The Portfolio Management Problem for E&P Companies

Author
Geoff Emeigh

Exploration and production (E&P) companies need to manage their project portfolios better by strengthening the decision-making processes and criteria they use when deciding which projects to move through early Front-End Loading (FEL) gates.

According to a recent IPA assessment of several E&P operators’ portfolio management processes, too many large reservoir projects with severe contextual problems are sailing through the project development process all the way through to Select (FEL 2) or front-end engineering design (FEED). But rather than abandoning these opportunities or resolving these context issues early, before going through FEL 1 or FEL 2 gates, companies often decide to recycle these projects far too late, overburdening their project organizations and hurting project execution results. In other words, upstream projects are being set up for failure right from the FEL 1/2 gate.

Part of the problem is the absence of key reliable data necessary to measure the true value of opportunities. Instead, optimistic early estimates regarding the size and complexity of reservoirs, for instance, are entered into sophisticated tools used by decision-makers to evaluate opportunities in a portfolio during Appraisal – FEL 1. These tools, which lend an aura of precision and sophistication, calculate decision-making criteria such as net present value (NPV), based on P50 costs, schedule and production rate data. Given the uncertainty and inherent bias of the input data, these criteria are optimistic at best and misleading at worse. Consequently, few projects, if ever, are deselected in Appraise – FEL 1. Additionally, lack of transparency in communication of project risk between project managers and executives hampers portfolio management.

The reality is that portfolio management decisions should be based on a project’s “directional indicators”— context and endowment measures. Figure 1 illustrates the directional indicators for opportunity decision making in relation with context and endowment measures. For example, projects with positive context measures and positive endowment measures (denoted by “+”) would obviously be attractive ventures. In contrast, projects with negative context and endowment measures (“-“) should likely be abandoned. The more difficult decisions are when one measure is positive and the other is negative, with the most difficult ones being when endowment is hugely positive. This blinds decision makers into moving the opportunity forward in face of contextual difficulties.

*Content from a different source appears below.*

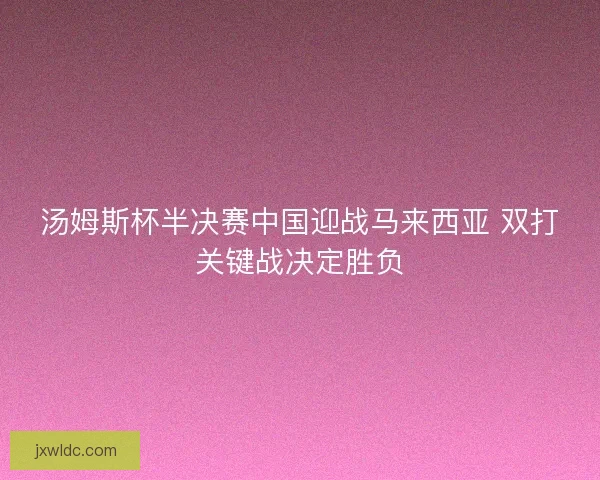 汤姆斯杯半决赛中国迎战马来西亚 双打关键战决定胜负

Figure 1. Directional Indicators Are Needed to Trend the Economics

 

Unfortunately, oil and gas industry’s biggest failure projects were all ones with huge positive endowment measures coupled with high contextual difficulties.

Another part of the portfolio management problem is timing. Since projects are rarely deselected moving to FEL 2 but struggle to advance out of the Select phase because of weak data and context understanding, FEL 2 usually becomes clogged with too many opportunities.

As a consequence, companies end up with bloated project portfolios. This in and of itself is a problem because project team resources are already strained. See Figure 2 and Figure 3.

Figure 2. Optimal Stage-Gate Process Funnel

 

Figure 3. Frequent Recycling Further Inflates FEL 2 and Leads to Less Marginal Opportunities

 

Organizational effectiveness also factors into effective portfolio management, the IPA assessment found. Portfolio management is stymied when exploration and development teams are not aligned. The timing, process, and requirements for handover of project from exploration to development is often unclear since in the majority of cases there is no agreed upon definition of a project’s appraisal maturity, a critical definition for a project to proceed to FEL 2.

Effective portfolio management is also hindered by differing business unit and corporate office portfolio management goals. A business unit may be willing to pile on work on a project organization that is already overburdened, but execution results ordinarily suffer when project organizations are stretched thin working on multiple assignments. Corporate office leaders must be attuned to the politics that accompany business unit efforts to lock up project funding at the risk of taking on too many projects simultaneously.